On top of PyTorch Lattice, you will be using scikit-learn for calculating metrics to evaluate your classifiers. First, make sure you have these packages installed:

$ pip install pytorch-lattice scikit-learn

Next, import these packages in your script:

from sklearn import metrics

import pytorch_lattice as pyl

Load the UCI Adult Income dataset

The Classifier expects a pandas.DataFrame containing the training data and a numpy.ndarray containing the labels for each example. You can use the PyTorch Lattice datasets module to load the data in this form:

X, y = pyl.datasets.adult()

Create and configure a Classifier

Next, you'll want to create a Classifier that you can use to fit to a calibrated model to the data. When creating a Classifier, the only required field is the list of features to use. For this guide, you are only going to use four features: age, education_num, occupation, and hours_per_week.

By default the calibrated modeling type used will be a calibrated linear model. If you'd like to further configure the model, you can provide a model_config with the attributes of your choice. For this guide, you will train a CalibratedLattice model.

model_config = pyl.model_configs.LatticeConfig()
clf = pyl.Classifier(
    ["age", "education_num", "occupation", "hours_per_week"], model_config
)

Configure features

One of the primary benefits of using PyTorch Lattice models is the ability to easily add shape constraints that guarantee certain real-world expectations. For example, it would make sense that someone with a higher level of education would be more likely to make more than $50K compared to someone with a lower level of education, all else being equal. Similarly, you might expect someone who works more hours per week to be more likely to make more than $50K compared to someone who works less hours per week, all else being equal.

clf.configure("education_num").monotonicity("increasing")
clf.configure("hours_per_week").monotonicity("increasing")

PyTorch Lattice makes it very easy to ensure that the model behaves as expected even after training on data. By setting the monotonicity field to increasing for both education_num and hours_per_week, you will guarantee that increasing either of those features will increase the prediction (so long as no other feature values change).

Of course, the classifier is still trained on data, so the only thing guaranteed is the relationship. How much increasing education_num or hours_per_week will increase the prediction will still be learned from training. Ultimately you are reducing the risk of unknown outcomes while still learning from data.

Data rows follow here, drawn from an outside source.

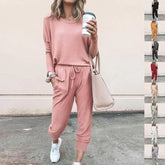 Woman wearing a relaxed-fit pink lounge set with long sleeves and jogger pants, soft knit material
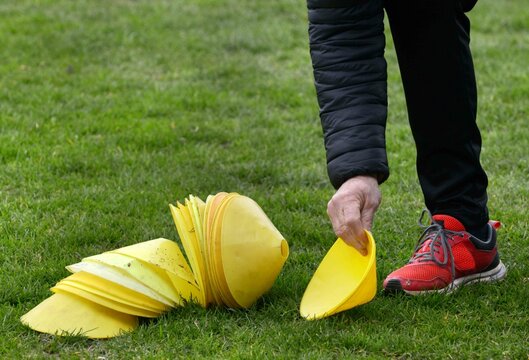 l'assistant ramasse les cônes d'entrainement sur le terrain au football	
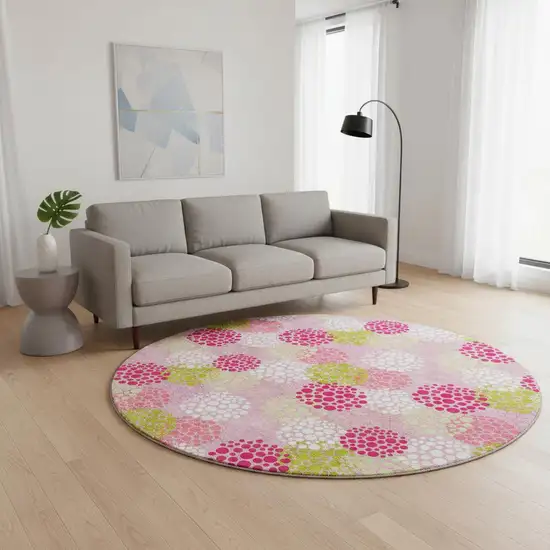 8' Pink Green And Ivory Polka Dot Washable Round Rug With UV Protection Photo 2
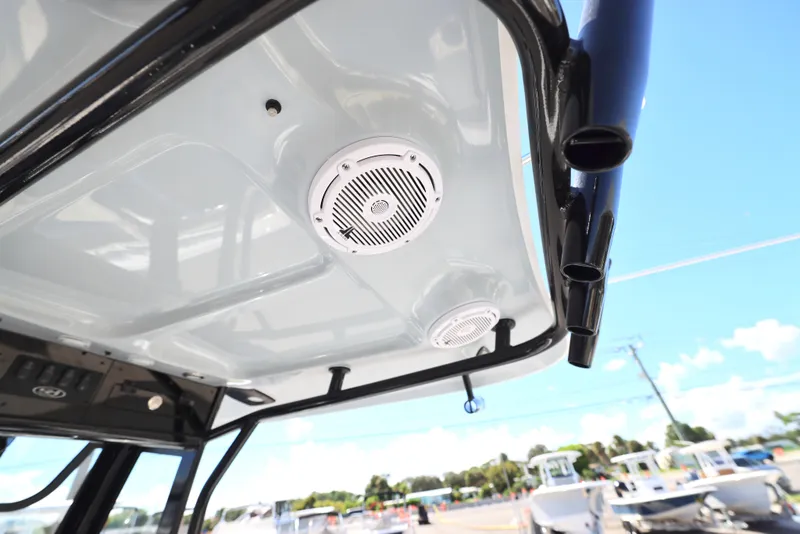 Slide: The Image of 2025 Sea Hunt Ultra 239 SE boat roof with speakers and rod holders. - 10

Fit the classifier to the data

Now that you've configured the classifier, fitting it to the data is easy:

clf.fit(X, y, batch_size=1024)  # using a larger batch size for faster training

There are additional training configuration options that you can set such as the number of epochs for which to fit the classifier, the learning rate, and the batch size, which you can set as parameters of the fit function.

Generate predictions and evaluate AUC

Once you've fit your classifier it's easy to generate predictions:

preds = clf.predict(X)

You can then use scikit-learn to calculate AUC to evaluate the predictive quality of your classifier:

fpr, tpr, _ = metrics.roc_curve(y, preds)
print(f"Train AUC: {metrics.auc(fpr, tpr)}")
# Train AUC: 0.8165439029459205

Plot calibrators for analysis

Plotting the calibrators for each feature can help visualize how the model is understanding the features. First, try plotting the calibrator for occupation:

pyl.plots.calibrator(clf.model, "occupation")

Occupation Calibrator

You can see here how each category for occupation gets calibrated before going into the lattice layer of the model, which shows us relatively how the model understands each category. For example, you can see that the model things that Sales and Armed-Forces have a similar likelihood of making more than $50K.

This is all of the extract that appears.